La nouvelle exposition Raconter le climat, organisée par Sandra Cattini et Laurie Honoré, réinterprète les collections d’art dans une perspective environnementale et examine la transformation des paysages et de la société depuis la révolution industrielle.

Le paysage provençal et l’eau comme ressource fragile

La première partie de l’exposition est consacrée au rôle de l’eau dans le paysage et la vie quotidienne, du XIXe siècle à nos jours. Les œuvres de peintres provençaux comme Henri Jaubert et Étienne Martin, ainsi que la Journée de décembre (1893) d’Albert Edelfelt, prêtée par le musée d’Orsay, offrent une représentation de la Provence sous la neige, qui a presque disparu aujourd’hui.

L’exposition parcourt les changements visuels et sociaux liés à l’approvisionnement en eau, en évoquant également des symboles tels que le Palais Longchamp à Marseille, construit en 1905. Les récentes urgences climatiques, comme la sécheresse de l’été 2022, rendent d’actualité la réflexion sur l’équilibre entre l’homme et l’environnement.

Transports, modernité et nouveaux paysages, Monet à Digne-les-Bains

La deuxième partie du projet étudie l’impact de la modernisation des transports sur la peinture et la représentation de la nature. Le Courrier (1904) d’Étienne Martin dépeint un monde rural encore lent, sillonné de diligences et de chemins de terre.

À l’inverse, La Gare Saint-Lazare de Monet exposée à Digne représente la modernité industrielle, avec le dynamisme des locomotives et l’atmosphère raréfiée des gares.

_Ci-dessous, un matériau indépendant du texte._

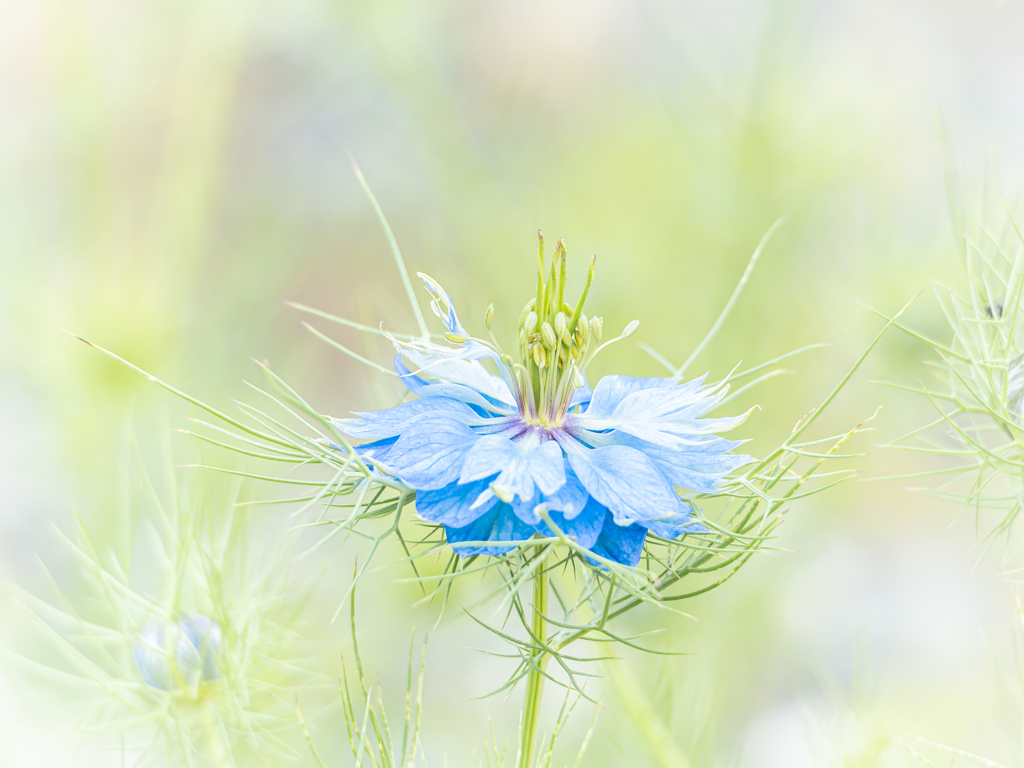 我が家の庭に自生する青い花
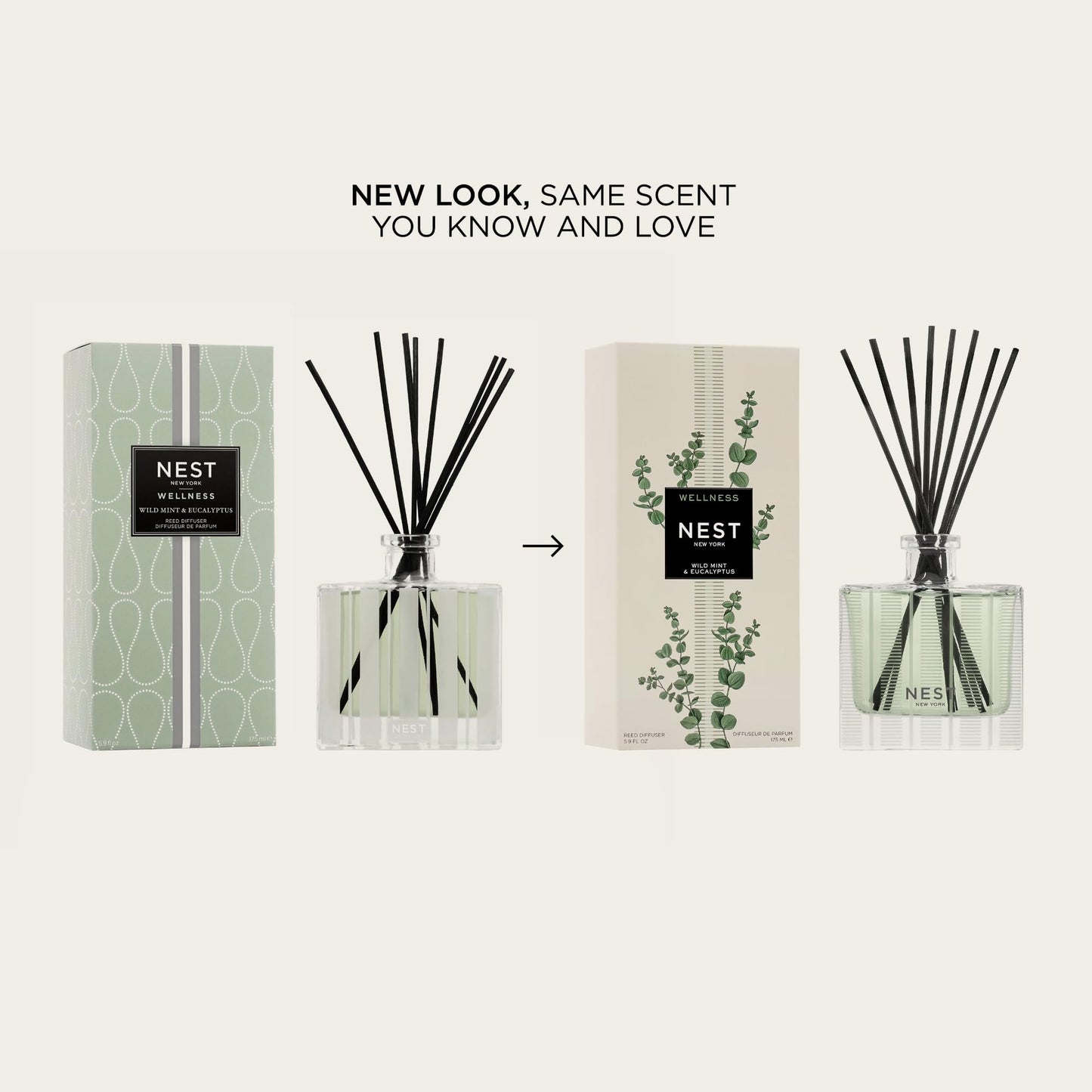 NEST New York Reed Diffuser, Wild Mint & Eucalyptus - 5.9 fl oz - Fragrance for Up to 90 Days - Reusable, Refillable Glass Holder - Includes 8 All-Natural Reed Sticks - Flame Free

Les deux visions montrent une fracture entre le passé et le présent, entre l’observation détaillée et la perception sensorielle, ouvrant une confrontation entre les techniques picturales et l’imagerie sociale.

La réflexion s’étend également à l’extérieur du musée. La gare, élément central de l’œuvre de Monet, représente aujourd’hui une infrastructure désaffectée pour Digne-les-Bains : les trains ne desservent plus la ville.

Le thème du paysage moderne en transformation entre ainsi en résonance avec les installations d’artistes contemporains comme Andy Goldsworthy, qui travaille sur le concept de désertification. La rupture des liaisons ferroviaires évoque des problématiques territoriales, liées à la mobilité durable et à la réduction des émissions.

Un projet national entre art et climat

Le projet du musée Gassendi s’inscrit dans une démarche plus large du musée d’Orsay : 100 œuvres qui racontent le climat. De mars à juillet 2025, des tableaux sélectionnées parmi les chefs-d’œuvre d’Orsay seront exposées dans 31 institutions à travers la France.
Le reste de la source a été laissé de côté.